Auricular Acupuncture and Vagal Regulation

Institute of Acupuncture and Moxibustion, China Academy of Chinese Medical Sciences, Beijing 100700, China

Received 30 September 2012; Accepted 2 November 2012

Academic Editor: Di Zhang

Copyright © 2012 Wei He et al. This is an open access article distributed under the Creative Commons Attribution License, which permits unrestricted use, distribution, and reproduction in any medium, provided the original work is properly cited.

Abstract

Auricular acupuncture has been utilized in the treatment of diseases for thousands of years. Dr. Paul Nogier firstly originated the concept of an inverted fetus map on the external ear. In the present study, the relationship between the auricular acupuncture and the vagal regulation has been reviewed. It has been shown that auricular acupuncture plays a role in vagal activity of autonomic functions of cardiovascular, respiratory, and gastrointestinal systems. Mechanism studies suggested that afferent projections from especially the auricular branch of the vagus nerve (ABVN) to the nucleus of the solitary tract (NTS) form the anatomical basis for the vagal regulation of auricular acupuncture. Therefore, we proposed the “auriculovagal afferent pathway” (AVAP): both the autonomic and the central nervous system could be modified by auricular vagal stimulation via projections from the ABVN to the NTS. Auricular acupuncture is also proposed to prevent neurodegenerative diseases via vagal regulation. There is a controversy on the specificity and the efficacy of auricular acupoints for treating diseases. More clinical RCT trials on auricular acupuncture and experimental studies on the mechanism of auricular acupuncture should be further investigated.

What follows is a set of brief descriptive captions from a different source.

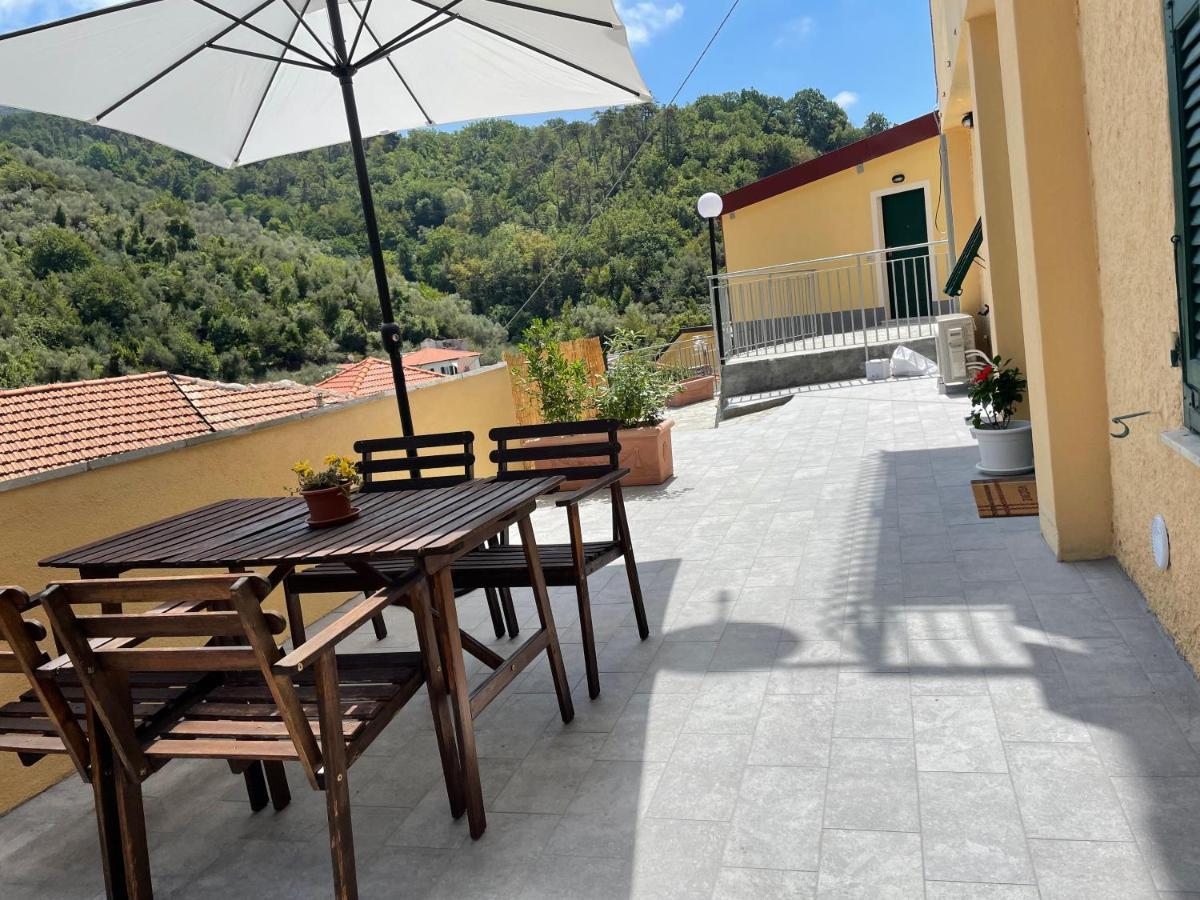 Ca Di Giaco Διαμέρισμα Moneglia Εξωτερικό φωτογραφία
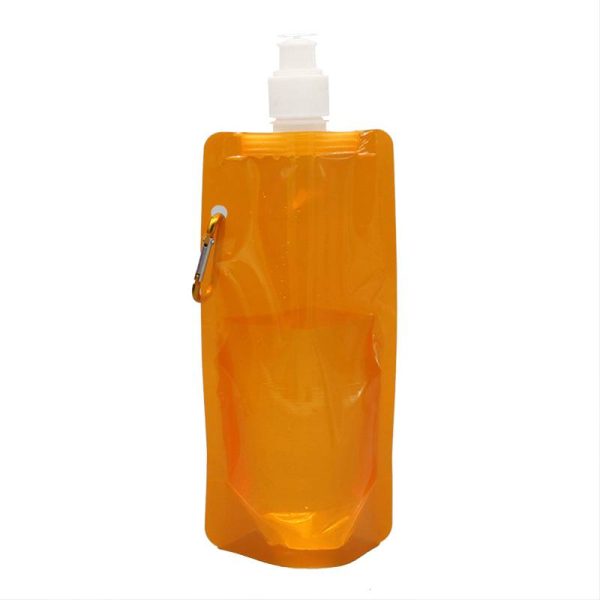 Outdoor Folding Sports Water Bottle Bag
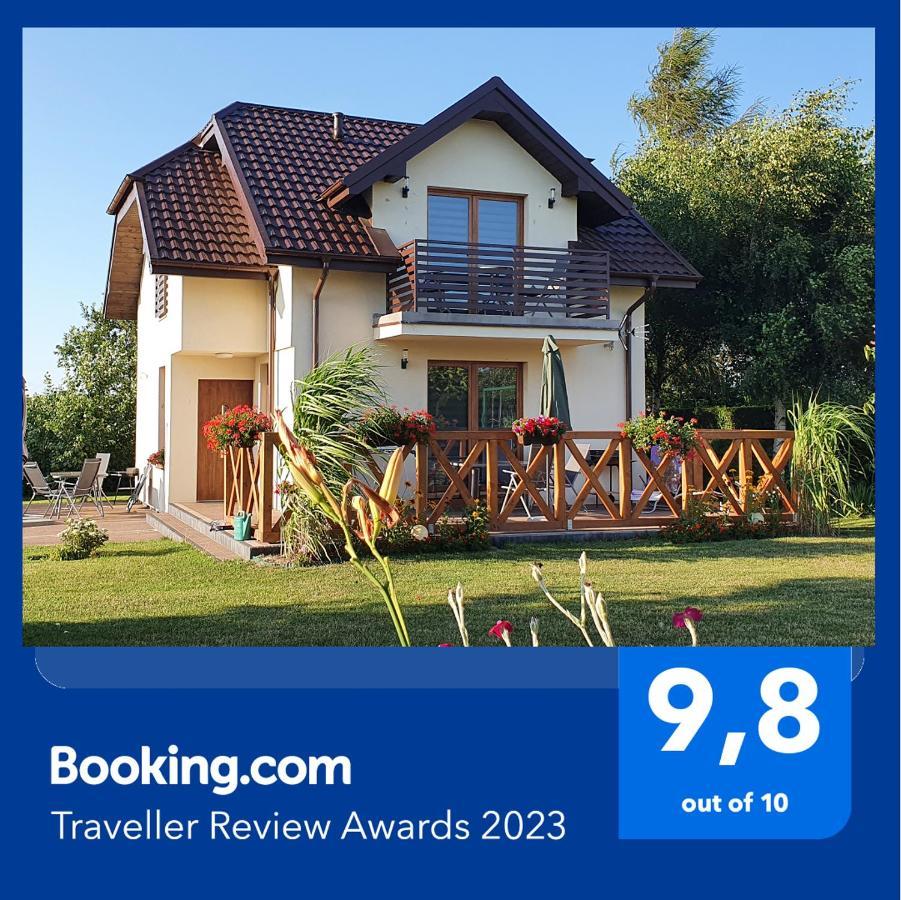 Choczewo Apartamenty Na Baltyckiej מראה חיצוני תמונה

1. The History of Auricular Acupuncture

Acupuncture is a part of traditional Chinese medicine (TCM). It has been accepted in China and has been used as one of the alternative and complementary treatments in western countries. Auricular acupuncture has been also used in the treatment of diseases for thousands of years. In the classic TCM text of Huang Di Nei Jing, which was compiled in around 500 B.C, the correlation between the auricle and the body had been described; all six Yang meridians were directly connected to the auricle, whereas the six Yin meridians were indirectly connected to the ear by their corresponding yang meridian, respectively [1]. In Hippocrates’ time, around 450 BC, bleeding points on the posterior (mastoid) surface of the ear were used to facilitate ejaculation, reduce impotency problem, and treat leg pain [2]. It was also reported that the auricle was associated with emotion [2]. During Renaissance sporadic trading between China and Europe made it possible to introduce needles, moxa, and cauterization of the external ear or cutting the veins behind the ears for relieving diseases in Europe [3]. In 1957, Dr. Paul Nogier, a physician in France, firstly originated the concept of an inverted fetus map on the external ear [2]. He proposed the concept after visiting a folk doctor, who cauterized the very small auricular area “sciatic point” of the patients for the treatment of sciatica. The folk doctor learned this technique from a Chinese who resided in Marseilles [3].

Nogier presented his discovery in several congresses and published it in an international circulation journal, which eventually led to the widespread acceptance of his approach. With some exceptions, the Chinese charts were very similar to Nogier’s originals [4].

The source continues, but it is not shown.